Documentary films can range from thrilling to merely interesting to downright tedious. Necessarily, they are concerned with truth rather than dramatic effect. But the best ones are both absorbing and educational. They also serve as beginnings of future discussions.
There are three particularly strong military documentaries about Germany, Poland and their relationship with each other during World War II. As with many great films of this ilk, some are not without controversy.
Triumph of the Will
Leni Riefenstahl’s propaganda masterpiece is significant not only because of its horrifying message but also because of the filmmaker’s jaw-dropping, astonishing cinematography, which used what were considered avant-garde techniques at the time:
● Aerial photography
● Superimposed, simultaneously filmed images
● Distorted perceptions resulting from long-focus lenses
The Nazis had almost a million soldiers standing in formation in the Messe-Stadion in Nürnberg, and she captured all the action of the rallies in her cameras.

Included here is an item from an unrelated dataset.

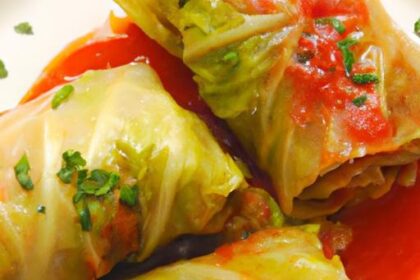 Vibrant Vegan Stuffed Cabbage Rolls: A Flavorful Feast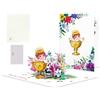 Générique Biglietti pop-up 3D per Shower | Biglietti di auguri per battesimo e celebrazione, regalo pieghevole per festa di nascita, comunione, padrini, ragazze, ragazzi e nuovi genitori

One sees no cranes, no scaffolding and no camera operators in any frame of the film. To this day, film buffs are at a loss when it comes to how she did it with 80-year-old equipment and techniques.

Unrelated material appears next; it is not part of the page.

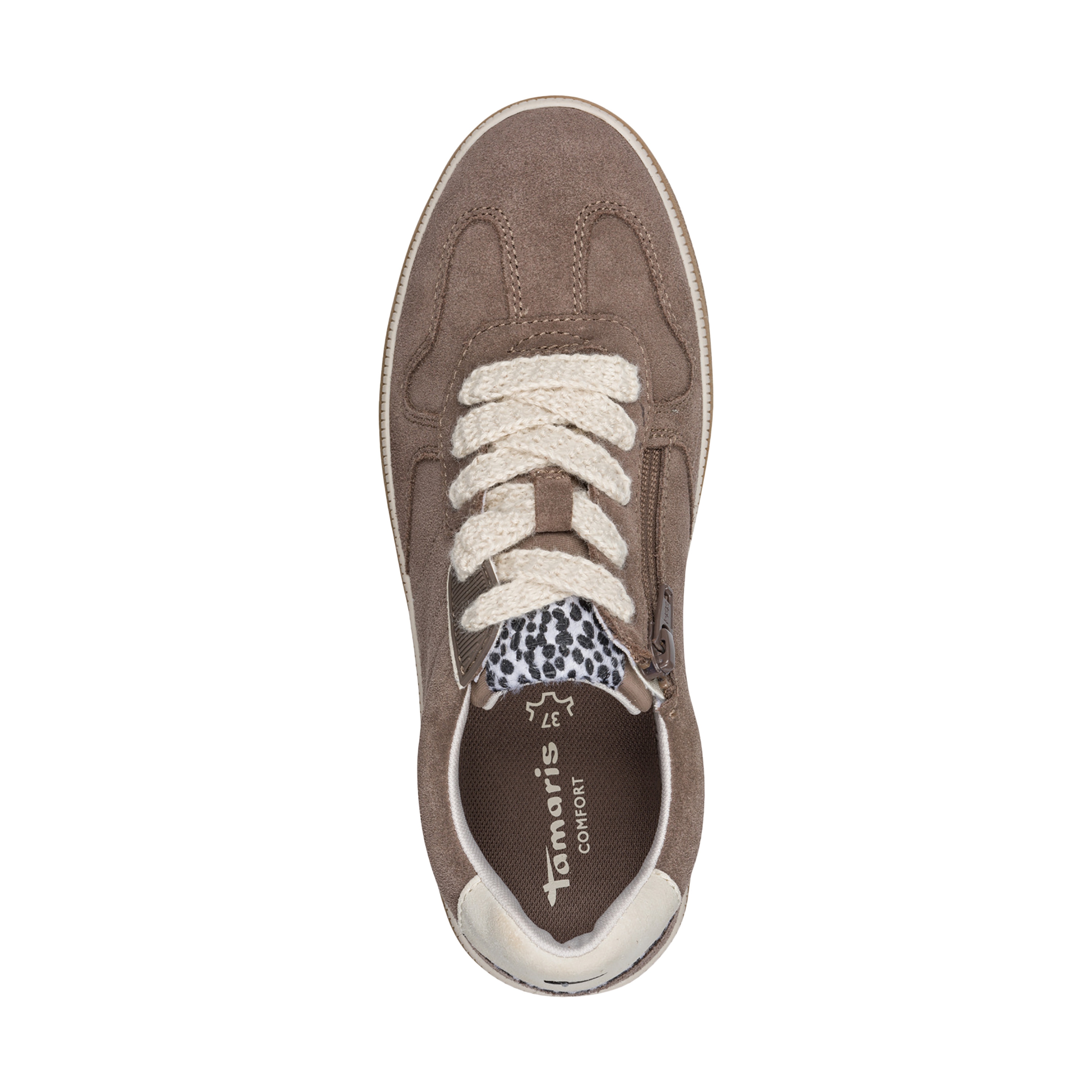 Leather trainers TAMARIS Grey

Riefenstahl herself has been at the core of the controversy. She always steadfastly claimed to have been ignorant of Hitler’s anti-Semitism and future plans for Germany, but many scholars and historians don’t agree. While it is true that there are no outright anti-Semitic phrases in the film, her interview with Julius Streicher during the filming yielded the line, “… a people that does not protect its racial purity will perish.” Streicher was hanged after the Nürnberg trials.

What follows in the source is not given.